# Material supplied
++++++++++

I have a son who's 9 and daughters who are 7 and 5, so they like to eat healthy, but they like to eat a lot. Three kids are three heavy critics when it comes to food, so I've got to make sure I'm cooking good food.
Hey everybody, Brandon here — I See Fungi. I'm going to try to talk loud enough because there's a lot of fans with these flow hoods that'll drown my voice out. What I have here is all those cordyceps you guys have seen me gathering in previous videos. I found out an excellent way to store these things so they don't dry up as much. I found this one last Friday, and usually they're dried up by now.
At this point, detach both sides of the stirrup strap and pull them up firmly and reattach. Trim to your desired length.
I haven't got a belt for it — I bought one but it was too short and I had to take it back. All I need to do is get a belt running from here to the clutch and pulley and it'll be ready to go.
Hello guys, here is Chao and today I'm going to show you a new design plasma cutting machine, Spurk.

++++++++++

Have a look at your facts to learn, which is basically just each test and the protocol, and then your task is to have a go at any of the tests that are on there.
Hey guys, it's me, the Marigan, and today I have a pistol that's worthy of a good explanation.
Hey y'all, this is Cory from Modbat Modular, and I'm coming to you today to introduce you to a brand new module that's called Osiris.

++++++++++

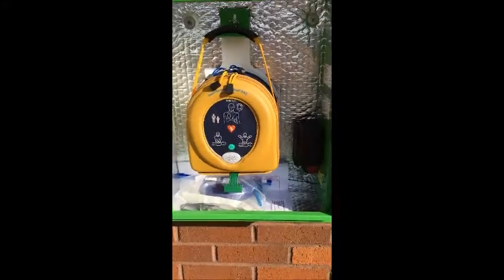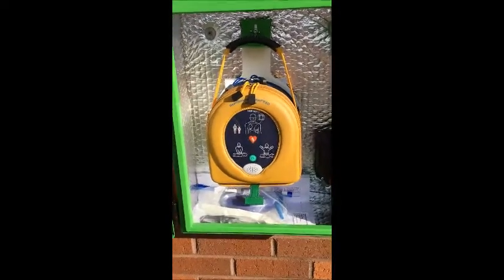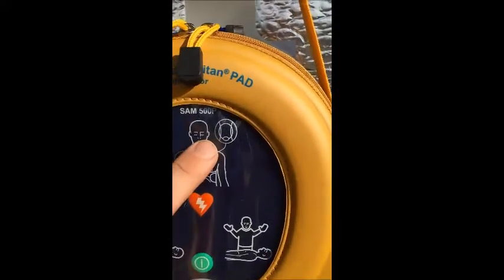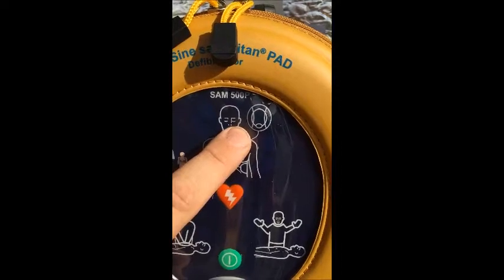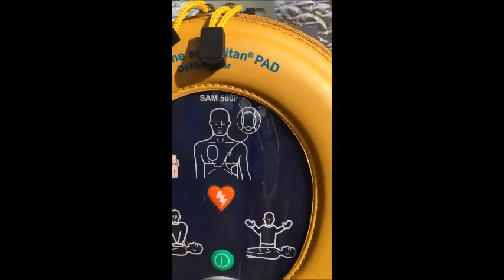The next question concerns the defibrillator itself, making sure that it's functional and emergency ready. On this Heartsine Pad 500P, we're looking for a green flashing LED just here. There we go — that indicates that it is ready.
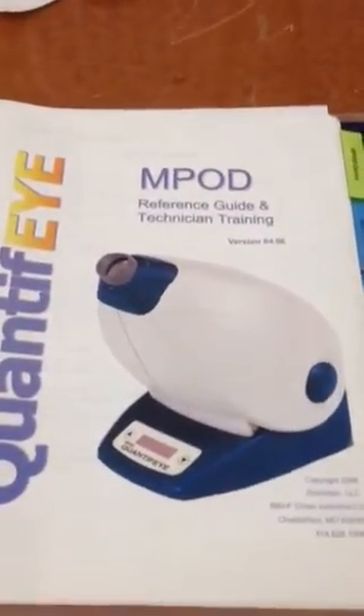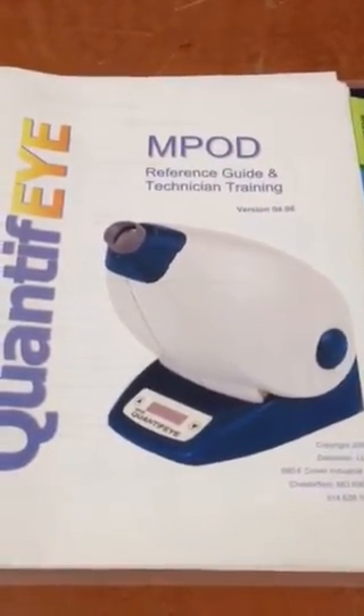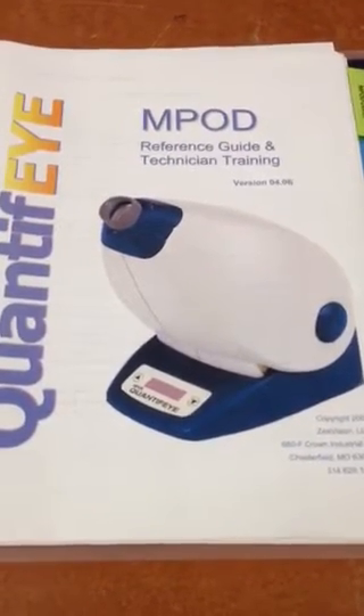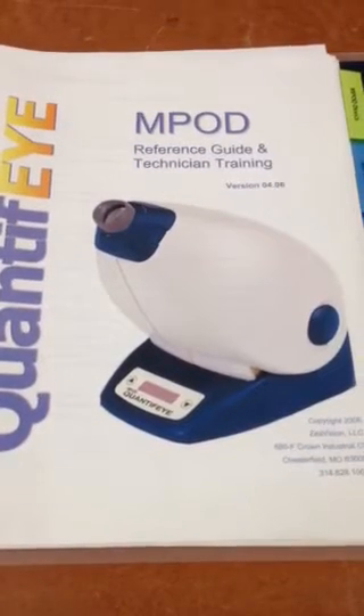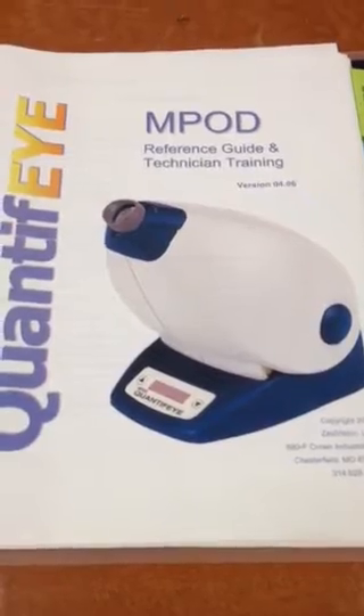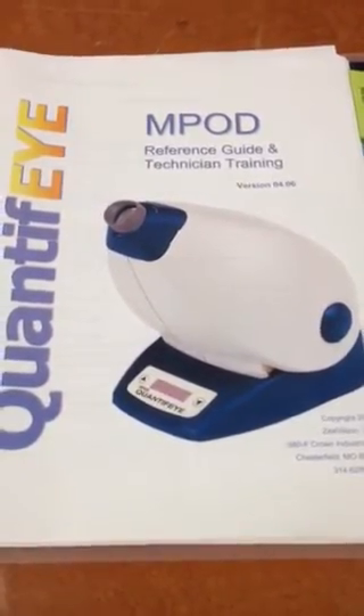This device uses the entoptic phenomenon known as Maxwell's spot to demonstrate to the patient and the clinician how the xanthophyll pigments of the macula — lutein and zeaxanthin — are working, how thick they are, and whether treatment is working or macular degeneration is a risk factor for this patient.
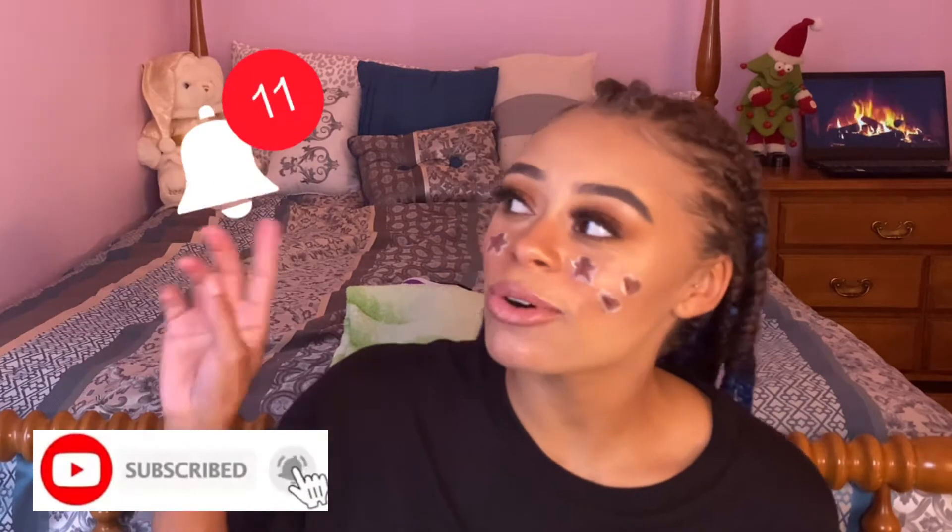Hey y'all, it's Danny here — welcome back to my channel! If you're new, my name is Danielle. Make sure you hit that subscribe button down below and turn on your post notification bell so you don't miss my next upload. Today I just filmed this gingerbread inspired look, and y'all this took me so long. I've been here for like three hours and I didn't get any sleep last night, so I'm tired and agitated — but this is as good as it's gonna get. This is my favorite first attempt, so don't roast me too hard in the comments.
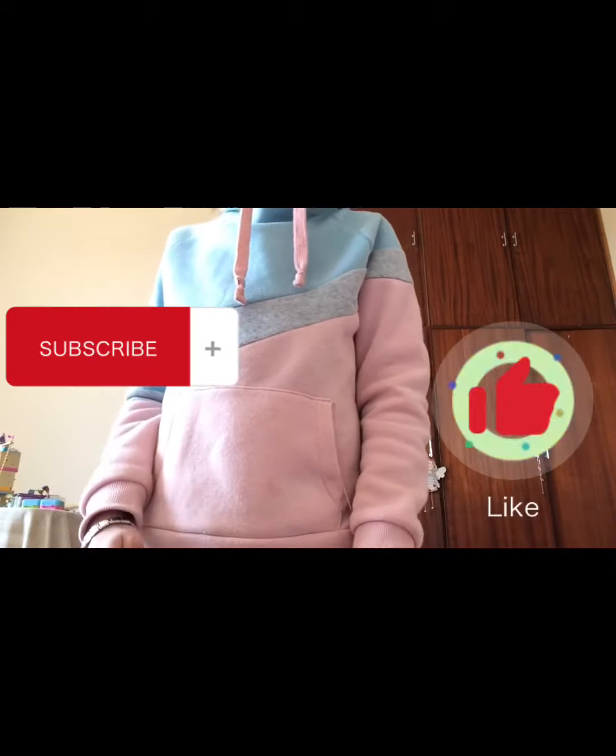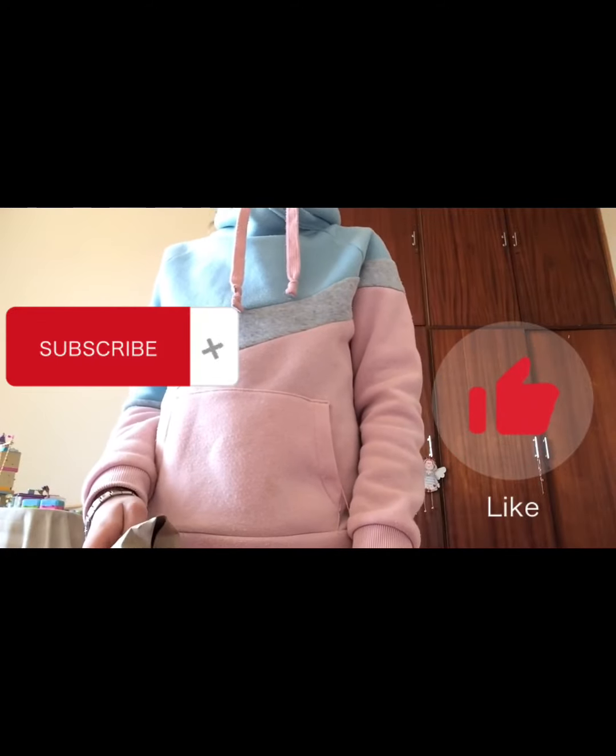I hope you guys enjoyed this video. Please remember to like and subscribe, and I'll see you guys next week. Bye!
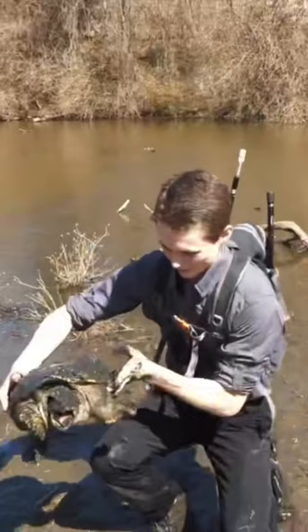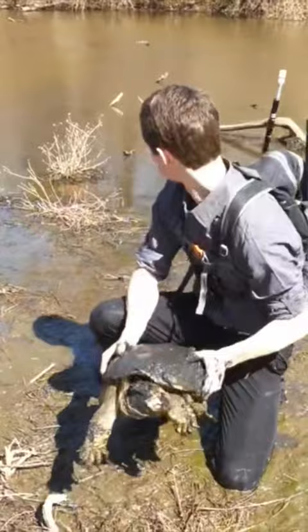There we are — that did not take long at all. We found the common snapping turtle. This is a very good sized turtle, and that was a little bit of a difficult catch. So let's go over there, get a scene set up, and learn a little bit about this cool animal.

++++++++++

# Problem requirements
Restate word for word only the lines above from the line containing "Hey everybody, Brandon" to the line containing "Hello guys, here", both of them included.

# Task answer
Hey everybody, Brandon here — I See Fungi. I'm going to try to talk loud enough because there's a lot of fans with these flow hoods that'll drown my voice out. What I have here is all those cordyceps you guys have seen me gathering in previous videos. I found out an excellent way to store these things so they don't dry up as much. I found this one last Friday, and usually they're dried up by now.
At this point, detach both sides of the stirrup strap and pull them up firmly and reattach. Trim to your desired length.
I haven't got a belt for it — I bought one but it was too short and I had to take it back. All I need to do is get a belt running from here to the clutch and pulley and it'll be ready to go.
Hello guys, here is Chao and today I'm going to show you a new design plasma cutting machine, Spurk.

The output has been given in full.